> **GOAL OF THE EXERCISE**
Starting at the top of the records below, write out each line exactly as it stands, stopping after the line with "6860 Catlett Road"; exclude the pictures.

> **PROVIDED INFORMATION**
== Segment start ==
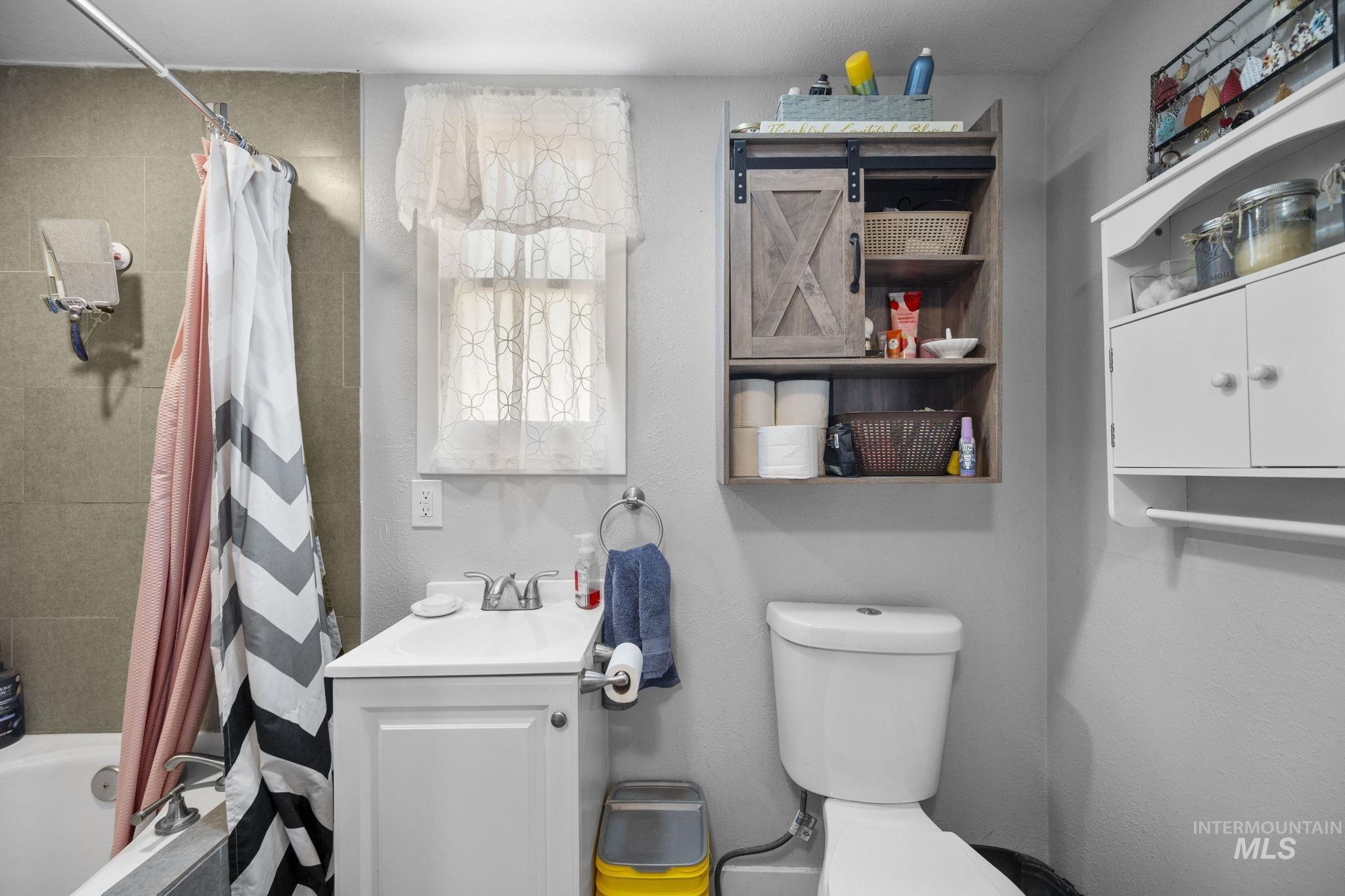 Full bathroom with tiled shower / bath, vanity, and a textured wall
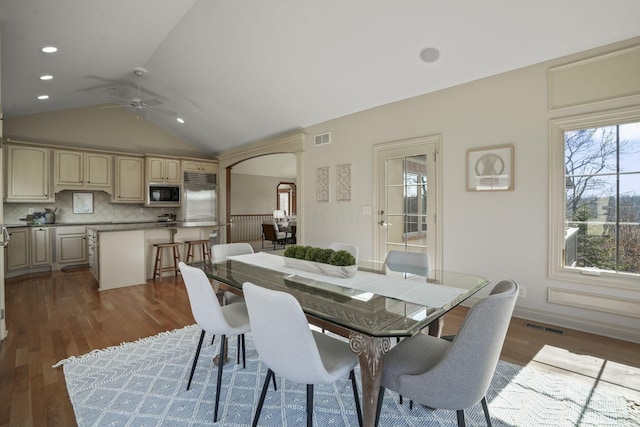 dining space with visible vents, lofted ceiling, and dark wood-style flooring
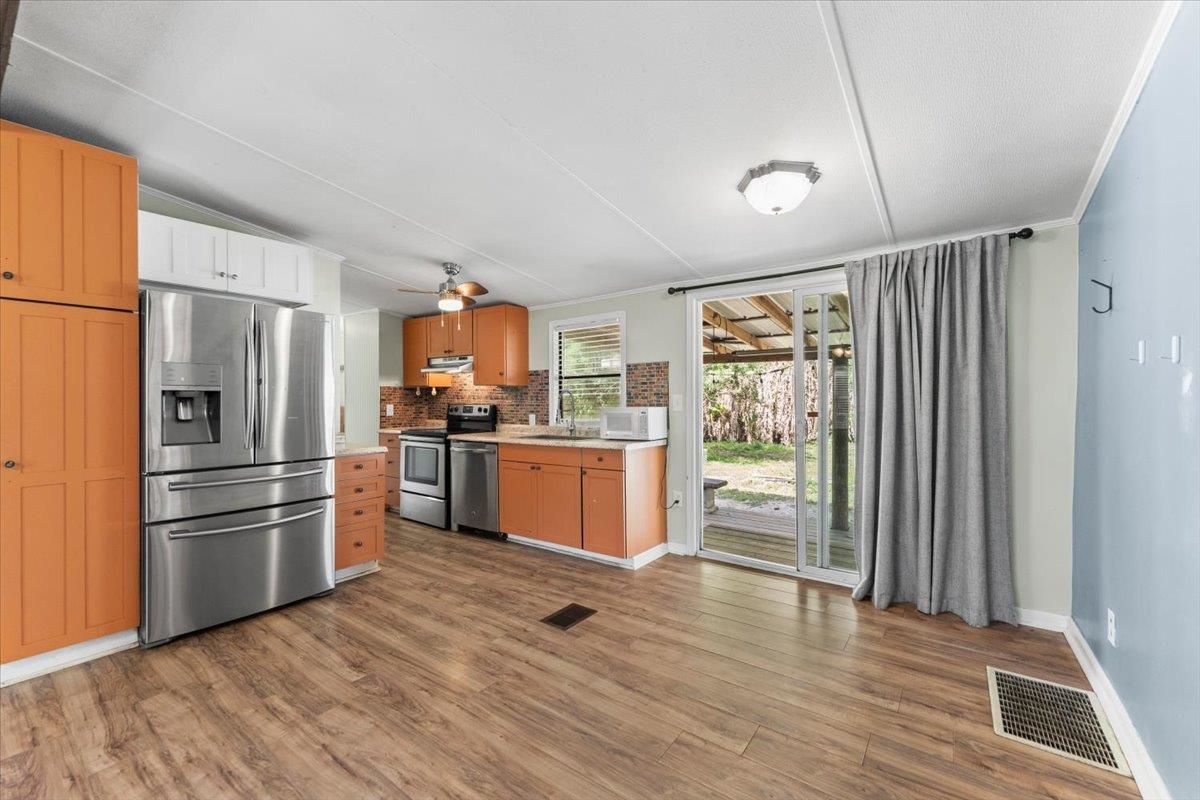 6860 Catlett Road St. Augustine, FL 32095 - Photo 8 of 36 Kitchen featuring stainless steel appliances, dark wood-style flooring, tasteful backsplash, and a ceiling fan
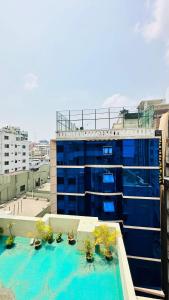 a swimming pool on the roof of a building at Hotel The Grand Hyatt Dhaka in Dhaka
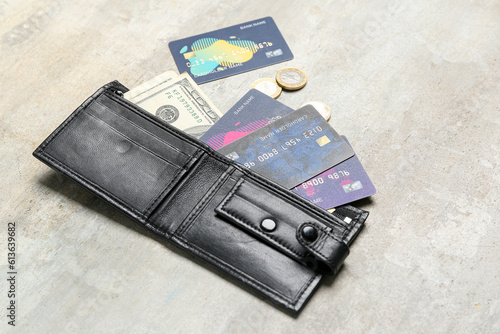 Black wallet with money, cr...
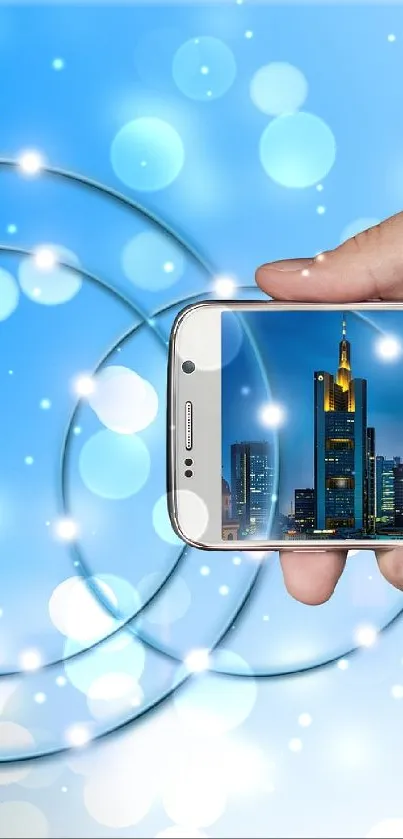 Hand holding smartphone with cityscape digital background in blue tones.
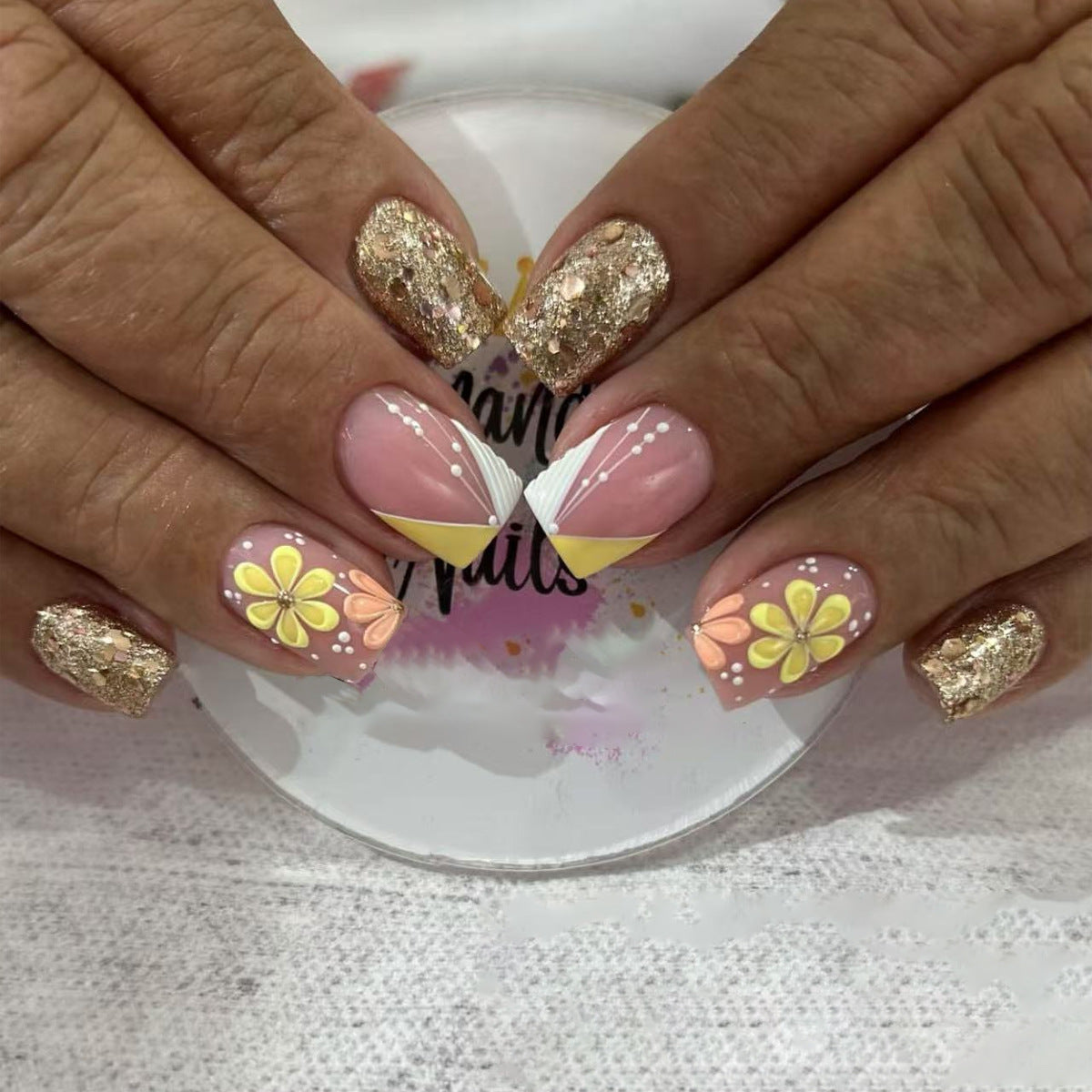 Blossom Elegance Short Square Pink and Gold Glitter Floral Press On Nail Set with Unique Design Accents
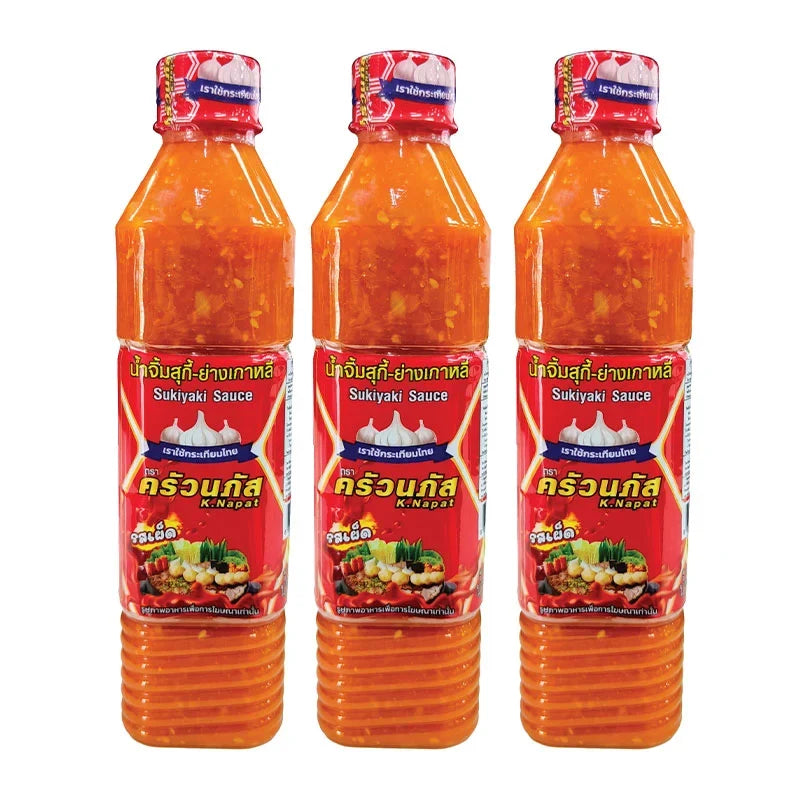 Kruanapat Suki Sauce Spicy, 560g, in three bottles, a Thai dry grocery condiment with a spicy flavor and rich red color.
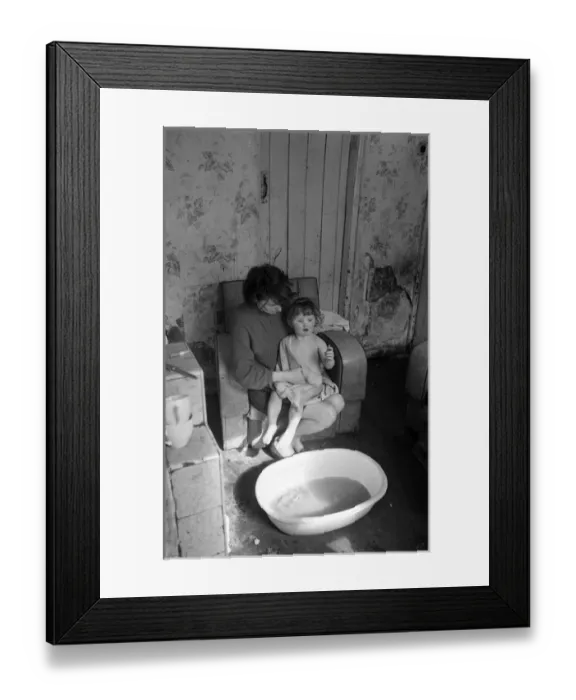 Framed Print : Woman bathing baby, Falls Road, Northern Ireland Framed Print : Woman bathing baby, Falls Road, Northern Ireland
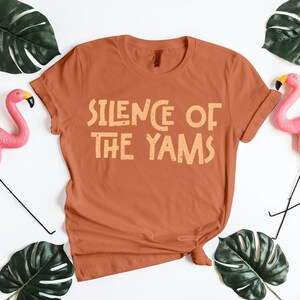 Rust orange fall T-shirt printed with “Silence of the Yams” in beige distressed letters. Funny Thanksgiving shirt mixing humor with holiday puns. Perfect for Friendsgiving, turkey day cooking, or matching family outfits. Great gift for food lovers and Thanksgiving PNG design fans who adore playful seasonal quotes on cozy autumn apparel.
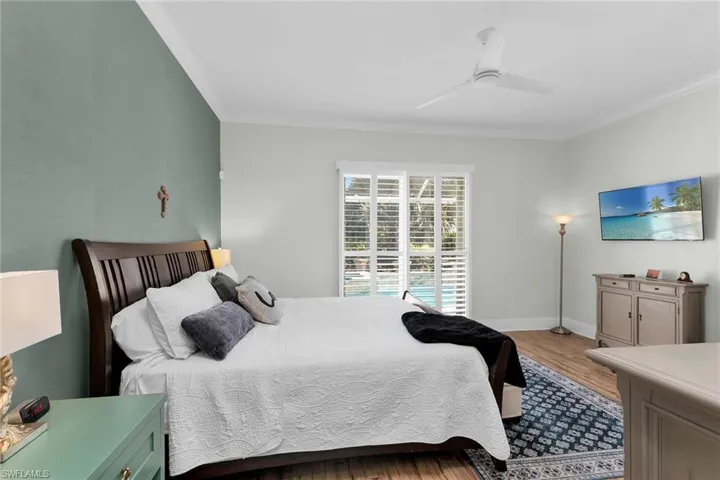 Bedroom with wood finished floors, crown molding, and ceiling fan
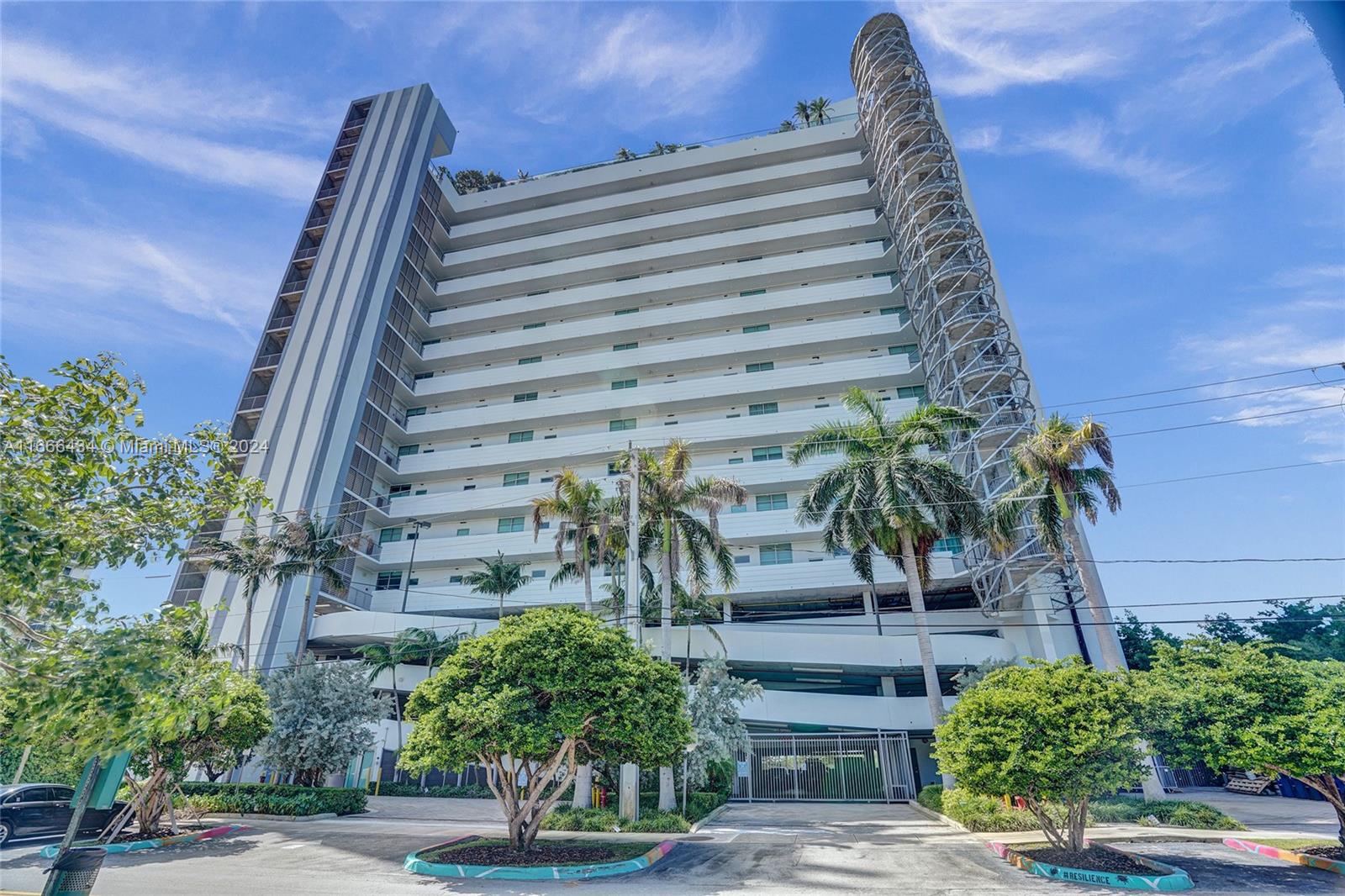 a view of a tall building next to a yard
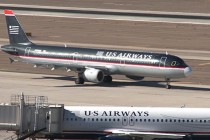 Government settles suit, clearing way for US Airways-American Airlines merger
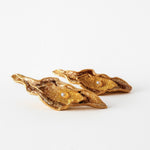 Disposición plana de dos Aretes Lechuga variante Mustard en bronce bañado en oro, pintados a mano en rust con granulación de vidrio, sobre fondo blanco.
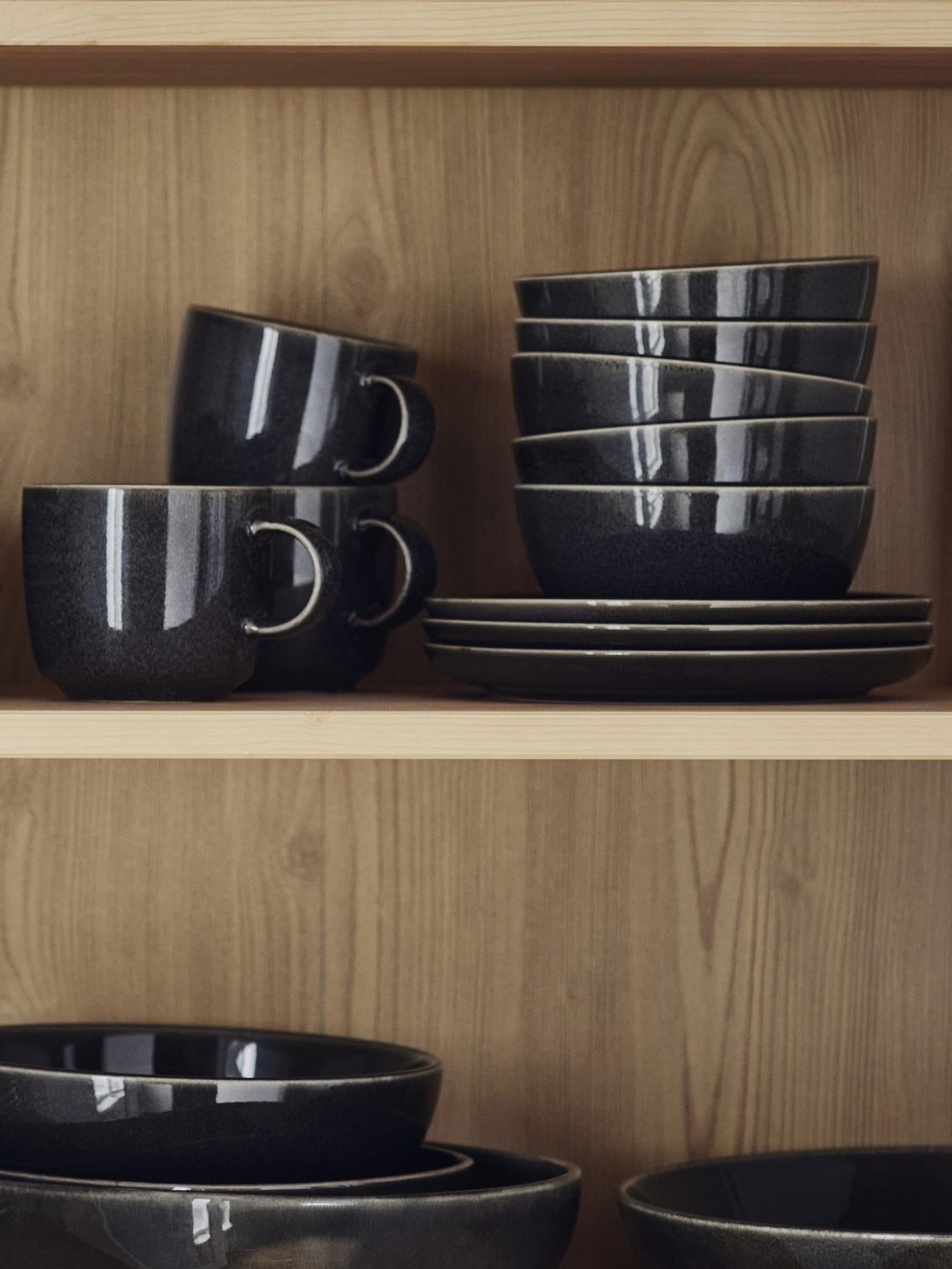 Seria zastawy stołowej GlADELIG w kolorze ciemnoszarym stoi na półce na drewnianym regale.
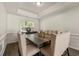 Elegant dining room featuring a large table with seating for eight, tray ceiling, and stylish decor at 511 Winter View Way, Stockbridge, GA 30281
== Segment end ==
> **YOUR SOLUTION**
 Full bathroom with tiled shower / bath, vanity, and a textured wall
 dining space with visible vents, lofted ceiling, and dark wood-style flooring
 6860 Catlett Road St. Augustine, FL 32095 - Photo 8 of 36 Kitchen featuring stainless steel appliances, dark wood-style flooring, tasteful backsplash, and a ceiling fan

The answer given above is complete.